In a briefing with lawmakers, Japanese Foreign Minister Fumio Kishida outlined conditions that would lead Prime Minister Shinzo Abe’s government to make exceptions to Japan’s longstanding posture against possessing, producing, or allowing nuclear weapons within the nation’s borders, Kyodo News reported.
Kishida said the Abe administration adheres to the policy of its predecessor: Whether or not Japan would "adamantly observe the (non-nuclear) principles despite threats to people's safety depends on the decision of the administration in power."

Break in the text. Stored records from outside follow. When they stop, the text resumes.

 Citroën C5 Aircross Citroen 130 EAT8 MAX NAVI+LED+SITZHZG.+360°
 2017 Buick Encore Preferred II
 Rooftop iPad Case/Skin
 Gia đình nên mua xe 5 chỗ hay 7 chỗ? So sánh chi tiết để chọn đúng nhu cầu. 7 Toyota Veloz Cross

"The future cannot be determined in advance," Kishida said, echoing comments by former Foreign Minister Katsuya Okada of the current opposition Democratic Party of Japan. In 2010, Okada disclosed that Japan and the US had agreements during the Cold War era in which Tokyo would allow the US to bring nuclear-armed submarines into Japanese ports in an apparent violation of the non-nuclear policy. The agreement expired in the early 1990s, upon the end of the Cold War.
Abe said last month it was a “mistake” that previous administrations led by his Liberal Democratic Party avoided acknowledging secret US-Japan pacts that had been declassified in the United States.

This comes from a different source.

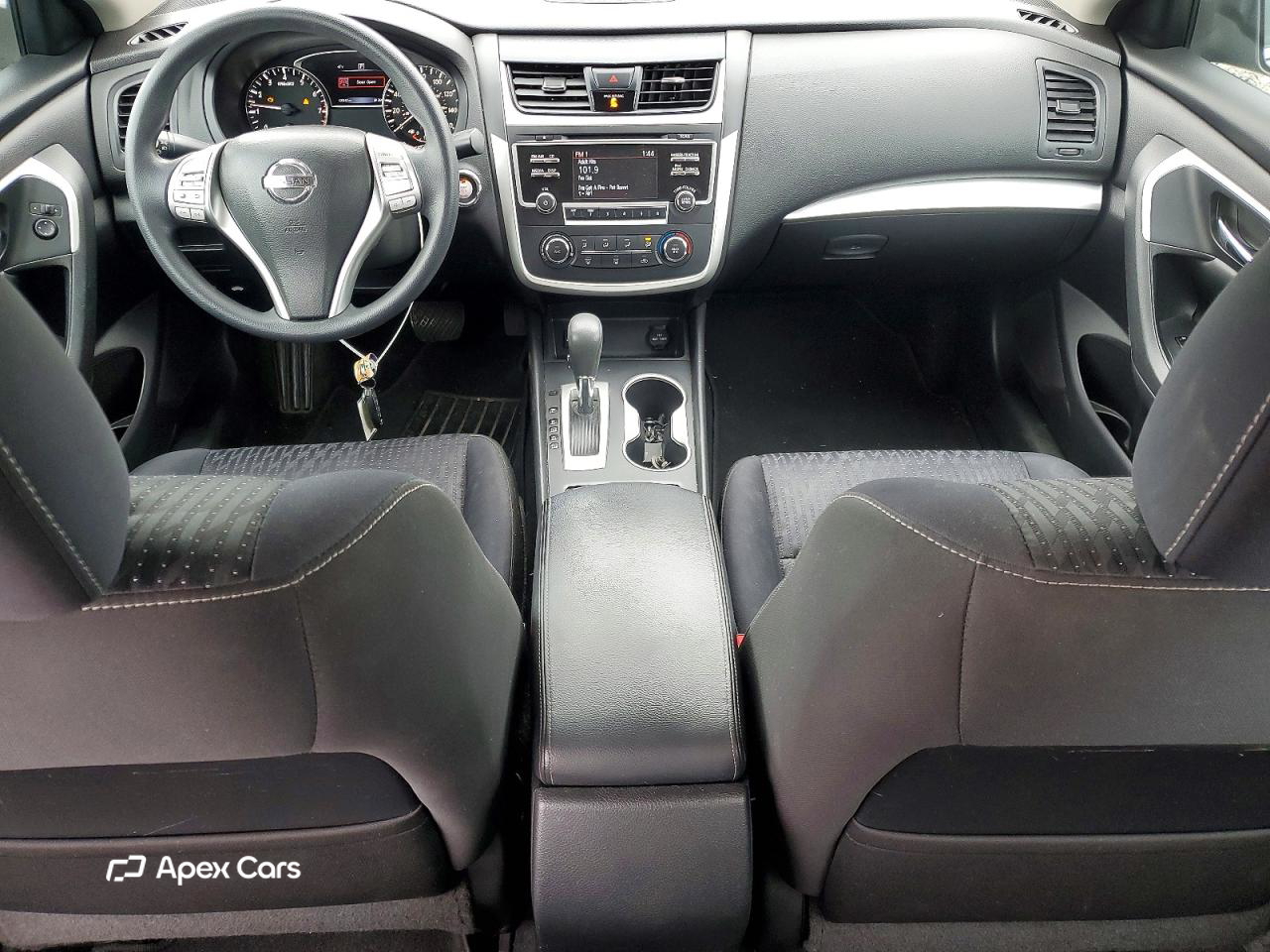 Nissan Altima 2017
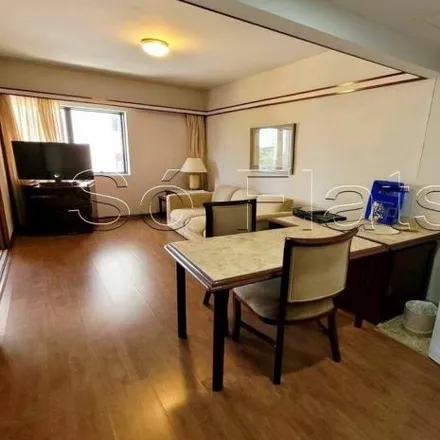 Rent this 1 bed apartment on REC Berrini in Rua Hans Oersted, Brooklin Novo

Kishida’s comments come amid heightened tensions between Japan and China thanks to a heated territory dispute in the Pacific. Last week, US Secretary of State John Kerry met with Kishida to stress that the US will support Japan in the conflict.
Late last year, China declared a portion of the East China Sea between Taiwan and Japan to fall within its exclusive economic zone, infuriating Japanese officials who had long considered that region to be within their control. In an almost immediate response, the US mobilized in the region and sent surveillance craft and B-52 bombers over the air defense zone in defiance of China’s wishes.

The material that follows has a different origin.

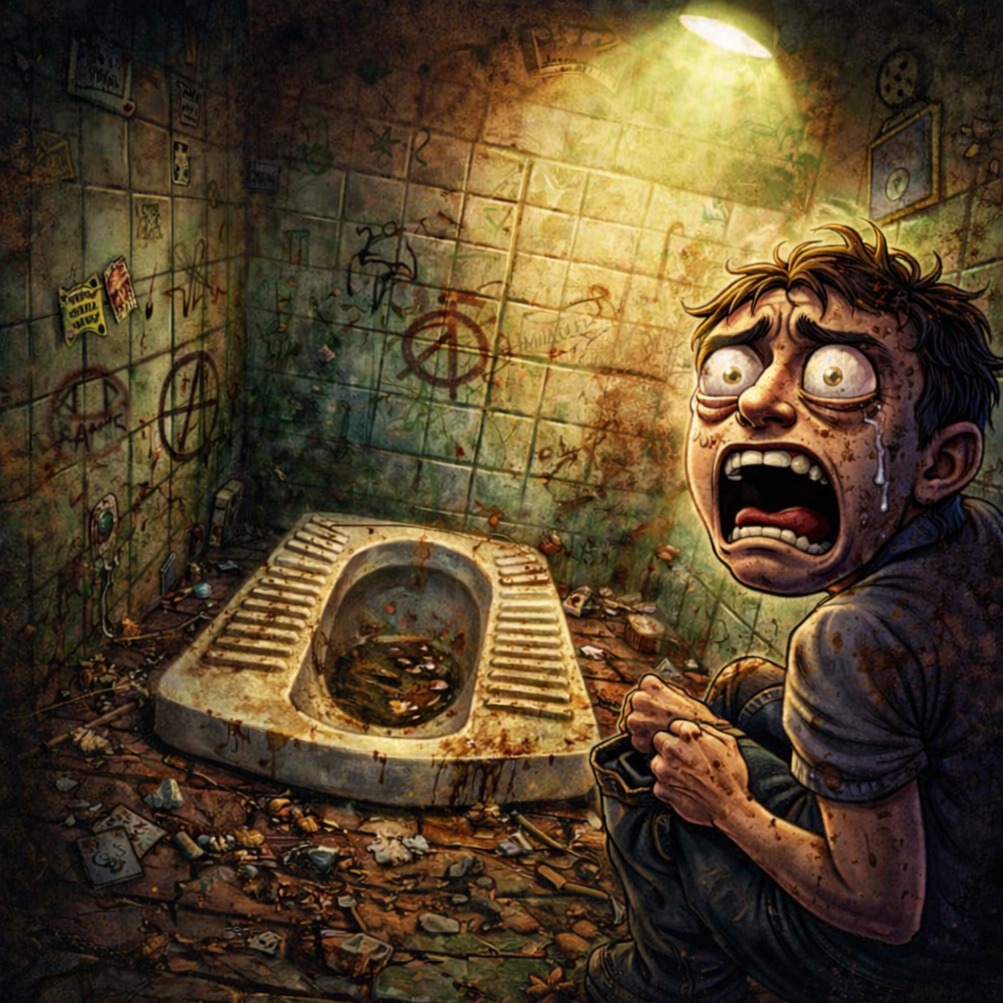 The World's End - Ich hab Angst artwork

The two countries have further clashed in their respective claims to a small group of islands, known as Senkaku in Japan and Diaoyu in China.
"I... underscored that the United States remains as committed as ever to upholding our treaty obligations with our Japanese allies,” Reuters quoted Kerry as saying, referencing the Treaty of Mutual Cooperation and Security between both nations signed in 1960.
"The United States neither recognizes nor accepts China's declared East China Sea [Air Defense Identification Zone] and the United States has no intention of changing how we conduct operations in the region," he added, according to the Associated Press. "We are deeply committed to maintaining the prosperity and the stability in the Asia-Pacific. And that won't be possible without respect for international law, including freedom of navigation and overflight.”
The US has numerous military bases in Japan and across the region, and would be obligated to provide military assistance under the mutual cooperation treaty should China launch a strike in an attempt to strengthen their hold on the disputed territory.